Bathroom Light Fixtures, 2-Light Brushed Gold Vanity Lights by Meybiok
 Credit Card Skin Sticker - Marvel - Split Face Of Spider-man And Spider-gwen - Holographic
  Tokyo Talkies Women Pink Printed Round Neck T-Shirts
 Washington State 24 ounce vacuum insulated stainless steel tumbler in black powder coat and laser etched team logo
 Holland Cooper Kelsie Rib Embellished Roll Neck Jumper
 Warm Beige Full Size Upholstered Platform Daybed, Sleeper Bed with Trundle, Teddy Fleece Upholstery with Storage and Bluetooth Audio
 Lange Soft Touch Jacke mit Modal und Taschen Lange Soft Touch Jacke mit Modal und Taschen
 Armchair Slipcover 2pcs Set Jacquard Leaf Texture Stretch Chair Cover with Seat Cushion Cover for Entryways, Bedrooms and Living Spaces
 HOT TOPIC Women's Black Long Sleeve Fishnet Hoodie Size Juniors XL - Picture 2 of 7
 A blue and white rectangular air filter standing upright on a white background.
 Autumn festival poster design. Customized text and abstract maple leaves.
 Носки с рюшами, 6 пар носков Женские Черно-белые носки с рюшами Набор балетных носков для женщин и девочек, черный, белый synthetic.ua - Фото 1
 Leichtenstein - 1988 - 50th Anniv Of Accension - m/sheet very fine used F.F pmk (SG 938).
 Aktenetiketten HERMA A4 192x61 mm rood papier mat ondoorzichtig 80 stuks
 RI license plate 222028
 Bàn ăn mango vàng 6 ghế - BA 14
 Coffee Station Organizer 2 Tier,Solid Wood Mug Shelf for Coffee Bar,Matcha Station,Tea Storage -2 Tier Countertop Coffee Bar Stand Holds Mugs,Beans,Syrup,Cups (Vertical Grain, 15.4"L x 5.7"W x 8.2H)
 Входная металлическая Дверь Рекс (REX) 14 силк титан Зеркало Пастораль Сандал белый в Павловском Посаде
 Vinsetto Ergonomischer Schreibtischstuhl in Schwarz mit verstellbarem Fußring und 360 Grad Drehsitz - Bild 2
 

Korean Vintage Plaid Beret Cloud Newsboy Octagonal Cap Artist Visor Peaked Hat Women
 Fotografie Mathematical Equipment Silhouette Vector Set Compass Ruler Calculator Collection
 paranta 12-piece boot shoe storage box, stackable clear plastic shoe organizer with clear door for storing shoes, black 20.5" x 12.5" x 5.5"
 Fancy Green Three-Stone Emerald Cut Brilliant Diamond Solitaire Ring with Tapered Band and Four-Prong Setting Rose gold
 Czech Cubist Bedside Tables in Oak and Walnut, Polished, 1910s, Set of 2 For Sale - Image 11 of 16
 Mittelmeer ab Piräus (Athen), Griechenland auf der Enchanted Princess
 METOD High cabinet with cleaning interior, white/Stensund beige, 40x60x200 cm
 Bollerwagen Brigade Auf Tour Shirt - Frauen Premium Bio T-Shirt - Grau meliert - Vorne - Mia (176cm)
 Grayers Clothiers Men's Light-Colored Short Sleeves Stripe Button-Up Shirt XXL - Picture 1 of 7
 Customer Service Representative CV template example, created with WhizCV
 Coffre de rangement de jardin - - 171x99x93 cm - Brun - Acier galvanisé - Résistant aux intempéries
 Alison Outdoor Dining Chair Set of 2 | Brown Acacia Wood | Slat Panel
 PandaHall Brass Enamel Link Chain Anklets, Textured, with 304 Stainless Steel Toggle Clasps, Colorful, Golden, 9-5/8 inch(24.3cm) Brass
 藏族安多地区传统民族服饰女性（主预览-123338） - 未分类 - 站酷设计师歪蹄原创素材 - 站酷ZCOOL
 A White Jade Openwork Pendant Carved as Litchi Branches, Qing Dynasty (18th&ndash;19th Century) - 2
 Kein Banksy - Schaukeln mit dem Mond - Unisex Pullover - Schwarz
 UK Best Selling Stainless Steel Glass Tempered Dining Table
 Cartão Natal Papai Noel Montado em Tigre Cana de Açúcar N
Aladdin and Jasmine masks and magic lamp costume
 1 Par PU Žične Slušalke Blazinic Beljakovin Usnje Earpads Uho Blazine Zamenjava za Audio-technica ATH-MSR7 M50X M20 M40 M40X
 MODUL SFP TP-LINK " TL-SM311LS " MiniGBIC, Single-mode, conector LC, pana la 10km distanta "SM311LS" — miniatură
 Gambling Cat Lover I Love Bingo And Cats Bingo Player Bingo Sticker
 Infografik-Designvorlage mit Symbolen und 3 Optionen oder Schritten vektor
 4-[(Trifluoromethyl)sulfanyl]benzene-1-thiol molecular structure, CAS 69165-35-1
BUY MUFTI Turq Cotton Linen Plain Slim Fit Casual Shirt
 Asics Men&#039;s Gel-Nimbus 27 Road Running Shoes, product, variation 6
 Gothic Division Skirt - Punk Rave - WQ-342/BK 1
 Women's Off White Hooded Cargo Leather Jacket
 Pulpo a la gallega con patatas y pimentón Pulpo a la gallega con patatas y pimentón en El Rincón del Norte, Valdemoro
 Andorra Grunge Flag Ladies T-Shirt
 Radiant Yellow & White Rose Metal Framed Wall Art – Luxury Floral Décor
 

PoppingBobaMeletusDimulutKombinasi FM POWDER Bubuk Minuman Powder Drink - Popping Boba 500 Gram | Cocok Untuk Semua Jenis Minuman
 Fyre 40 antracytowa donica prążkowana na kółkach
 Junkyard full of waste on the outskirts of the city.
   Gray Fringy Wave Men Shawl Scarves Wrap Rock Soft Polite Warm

◆ **Goal of the exercise**
Print, please, the lines above from the very first through the one that holds "Warm Beige Full", both included, word for word and with nothing else.

◆ **Result**
Bathroom Light Fixtures, 2-Light Brushed Gold Vanity Lights by Meybiok
 Credit Card Skin Sticker - Marvel - Split Face Of Spider-man And Spider-gwen - Holographic
  Tokyo Talkies Women Pink Printed Round Neck T-Shirts
 Washington State 24 ounce vacuum insulated stainless steel tumbler in black powder coat and laser etched team logo
 Holland Cooper Kelsie Rib Embellished Roll Neck Jumper
 Warm Beige Full Size Upholstered Platform Daybed, Sleeper Bed with Trundle, Teddy Fleece Upholstery with Storage and Bluetooth Audio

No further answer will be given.